His favorite veteran is in Reinhardswald in North Hesse.

The "chimney oak", crooked and gnarled, more than 400 years old and with an incredible trunk circumference of seven meters.

Even if it is rotten and almost hollow with a chimney-like hole, it is also sprouting fresh buds on some branches this spring.

The wilderness expert and nature photographer Norbert Rosing appreciates such old, lovable tree specimens.

He says: "I like to visit them, preferably alone, and look at every detail in peace."

The bark furrows look like lifelines, the claw-like branches like arthritic hands reaching up to the sky - tree poetry for tree lovers like Norbert Rosing.

Old oaks in the Reinhardswald


His new photo book “Germany's wild forests” tempts you to take lonely walks in the forest, almost to a forest bath under the treetops.

Rosing shows the most mysterious trees in our homeland: from beech trees in the ghost forest in Nienhagen on the Baltic Sea to ancient mountain pines in the Berchtesgaden Alps.

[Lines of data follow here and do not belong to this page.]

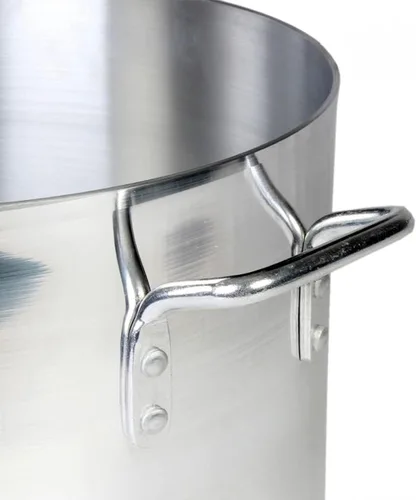 Miniatura 4 de TrueCraftware - Olla de aluminio de 60 cuartos de galón con asas remachadas - Olla multiusos para ollas de sopa de pasta, olla grande para estofado
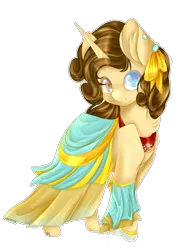 Size: 2017x2792 | Tagged: safe, artist:ether-akari, derpibooru import, oc, oc:coffee cream, unofficial characters only, pony, unicorn, clothes, commission, cute, dress, female, gala dress, simple background, solo, transparent background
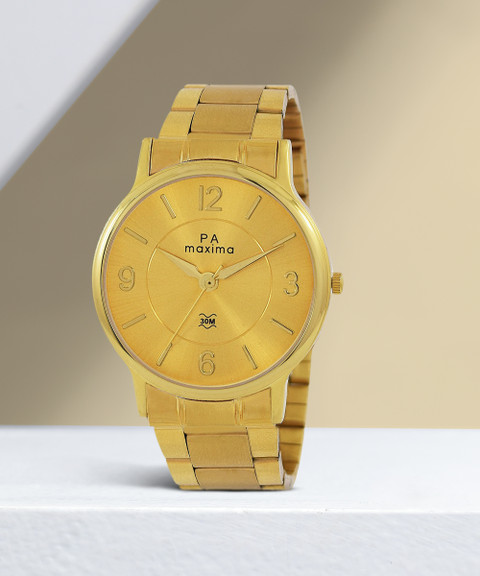 Gold Buy Maxima Watches Buy Maxima Women Gold Plated Watch Watches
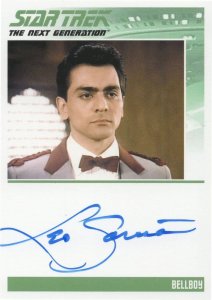 Leo Garcia Star Trek Hand Signed Autograph Trading Card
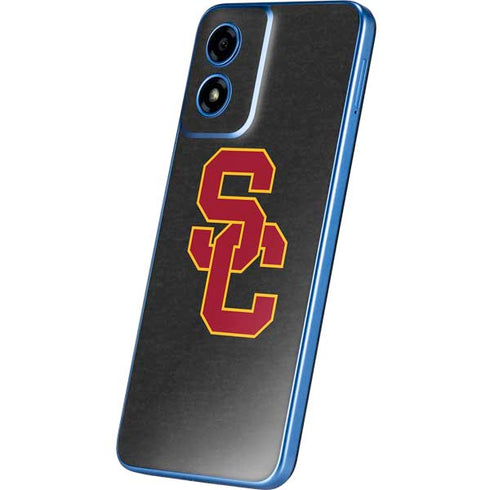 University of Southern California USC Dark Grey Logo Moto G Play 4G (2024) Skin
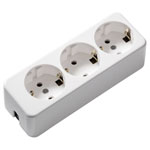 Martin Kaiser 638/kws Multi-receptacle 250V White IP20 Type F, Re-connectable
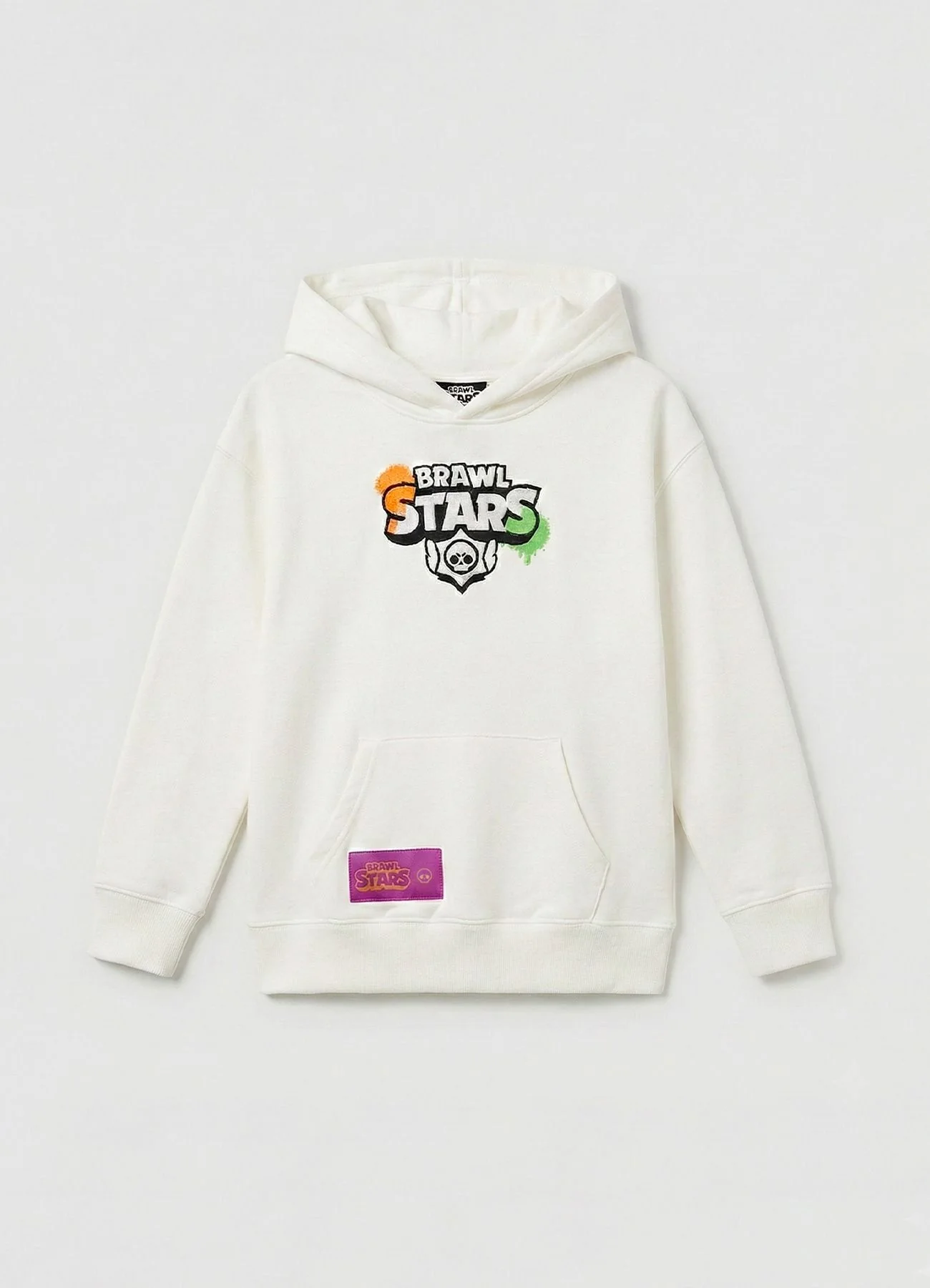 Felpa oversize con cappuccio e stampa Brawl Stars - Image 3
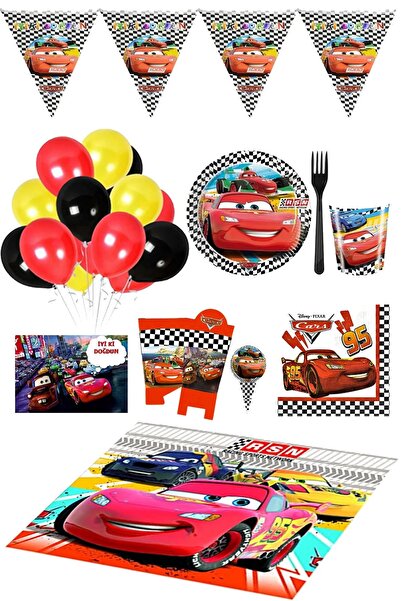 Happyland مجموعة حفلات أعياد الميلاد من MCQUEEN مكونة من 8 قطع - 990396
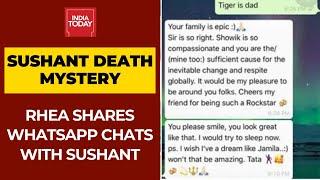 Rhea Chakraborty Shares Whatsapp Chat With Sushant Claims Late Actor Worried With Sisters Behavior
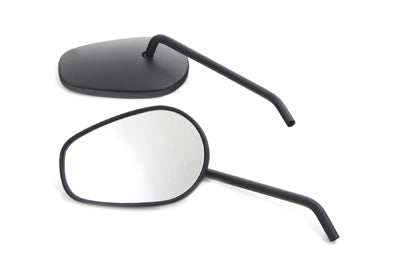34-1377 - Sidewinder Mirror Set with Round Stems Black by Wyatt Gatling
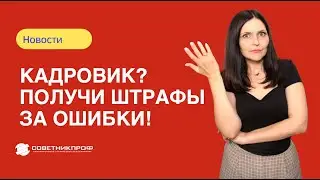 Штрафы за ошибки кадровиков в 2024 году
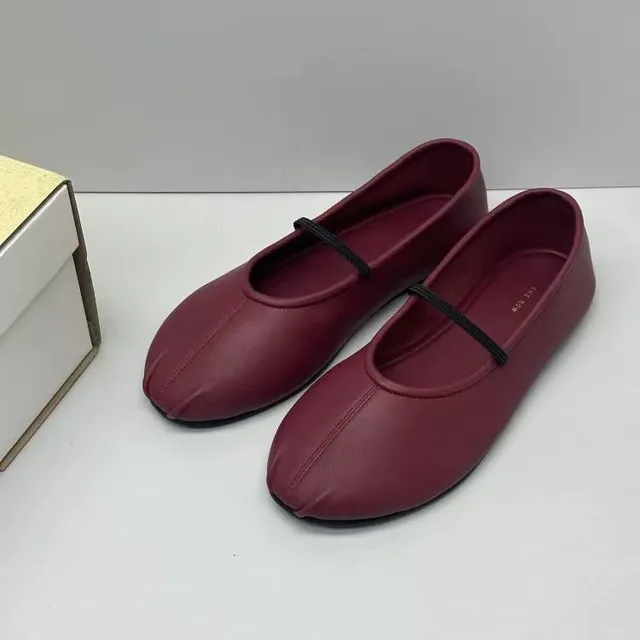 Maison Margiela Tabi Ballet Flat Burgundy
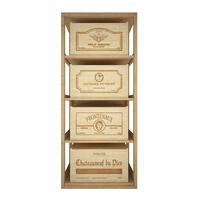 Produktbild f�r 'Weinkistenregal PROVINALIA, Modell 26, mit 4 Ausz�gen, aus Kiefernholz'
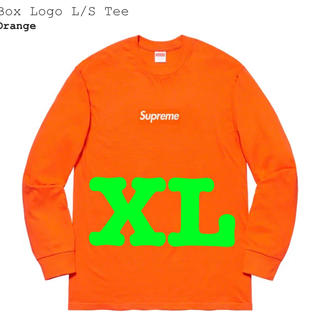 シュプリーム(Supreme)のSupreme Box Logo L/S Tee orange XL(Tシャツ/カットソー(七分/長袖))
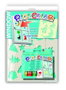 Playcolor Pack Window 6 Témperas Sólidas Colors One con Plantillas para Decoración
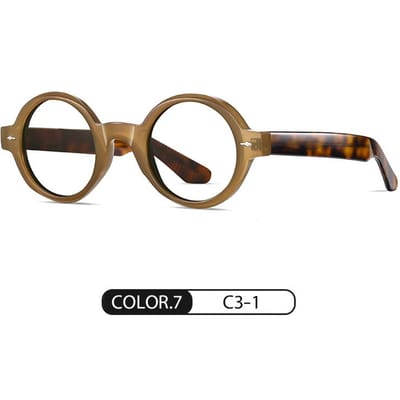 1 stuks Retro Ronde Anti-Blauw Licht Bril Rijbril Mode Trend Blauw Licht Blokkerende Bril brown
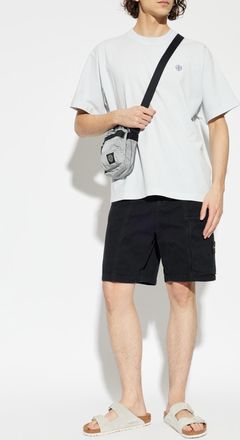 Stone Island Cargo Shorts, Mens, Black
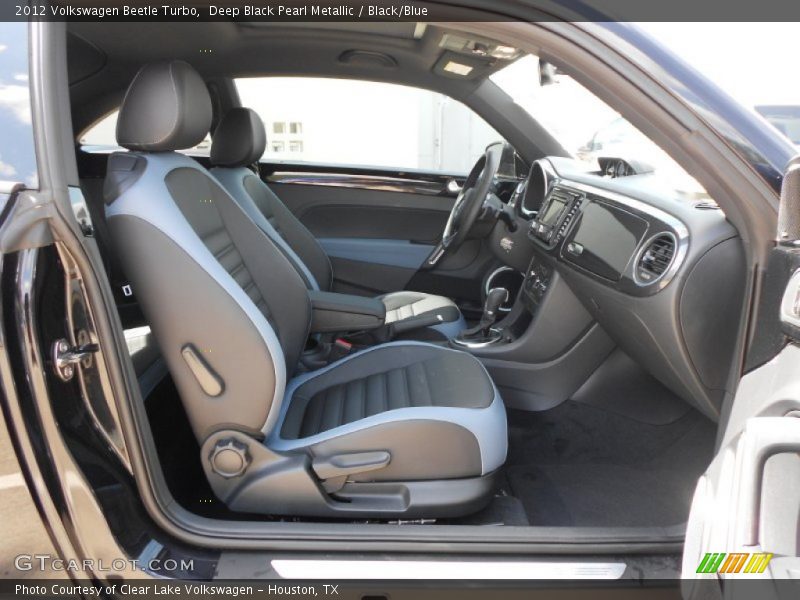 Deep Black Pearl Metallic / Black/Blue 2012 Volkswagen Beetle Turbo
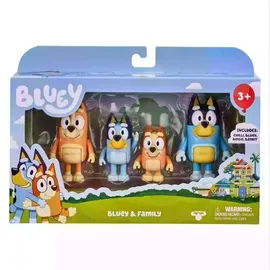MOOSE TOYS LTD BLUEY Figuren-4er-Pack Familie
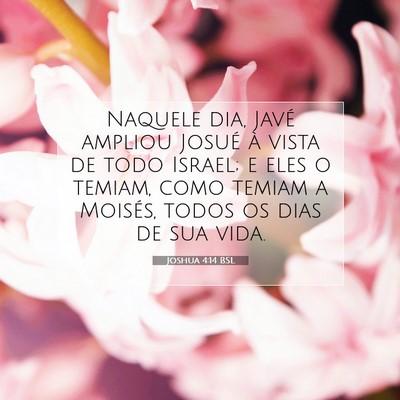 Joshua 4:14 Versículo Bíblico Explicado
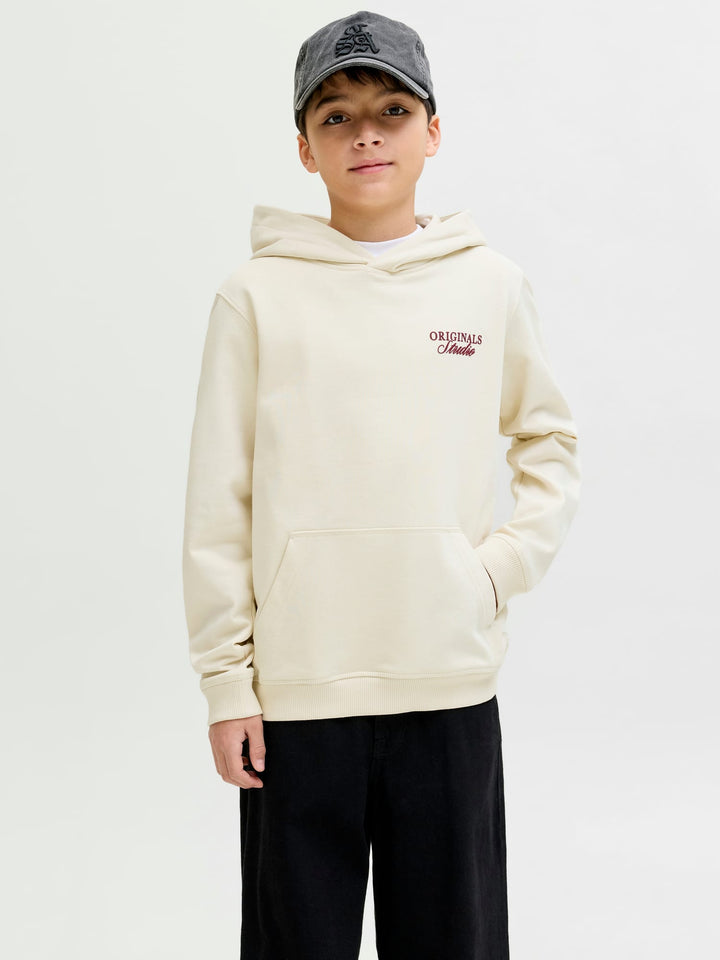 Jack & Jones Kids Norrebro hoodie – jongens - Off-white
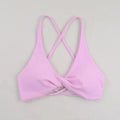 Women Strappy Cross Back Sports Bra Seamless Yoga Gym Fitness Top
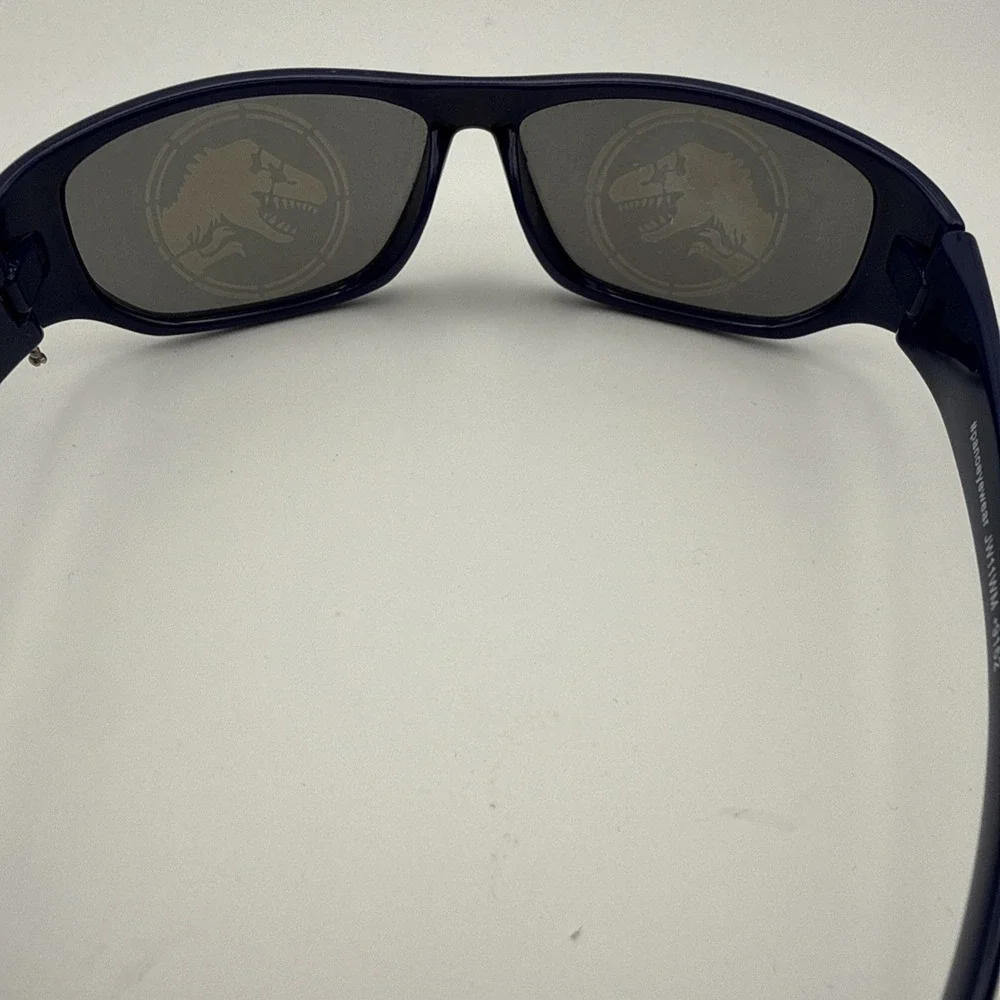 Jurassic World Kids Sunglasses - Blue Dinosaurs Mirror  Wrapped Universal Studio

Biologist Monika Rößiger describes the diversity of forests and explores the connection between Germans and the forest as a place of longing - full of stories, anecdotes and exciting knowledge.

This tree is a work of centuries

Source: Norbert Rosing

The hollow chimney oak, for example, is one of around 25 oaks in the Reinhardswald that are up to 420 years old.

Each of them has a name, such as the "Hermit oak", the "Baroque oak" or the "Cyclops oak".


There are also ancient beeches, such as the “Titan beech”, the “Scepter beech” or the “Cascade beech”.

These methushalem trees grow in the Sababurg primeval forest, a 92 hectare nature reserve.

The pasture in the forest

They are all so-called hat trees, which owe their existence to a special form of land use: the forest pasture.

In the 19th century, farmers drove their cattle - especially pigs - into the forest every autumn so that the animals could eat their fill of acorns and beechnuts.

Norbert Rosing also visits the famous twin beech from Mitgenfeld in the Rhön, also a magnificent, ancient hat beech.

Its trunk is thickly mossy and shimmers like dark green velvet.

Play of colors - for those who find it

Source: Norbert Rosing


The Rhön is a low mountain range that extends over three federal states: Bavaria, Hesse and Thuringia.

In the Middle Ages this area was called "Buchonia", the "land of the beeches".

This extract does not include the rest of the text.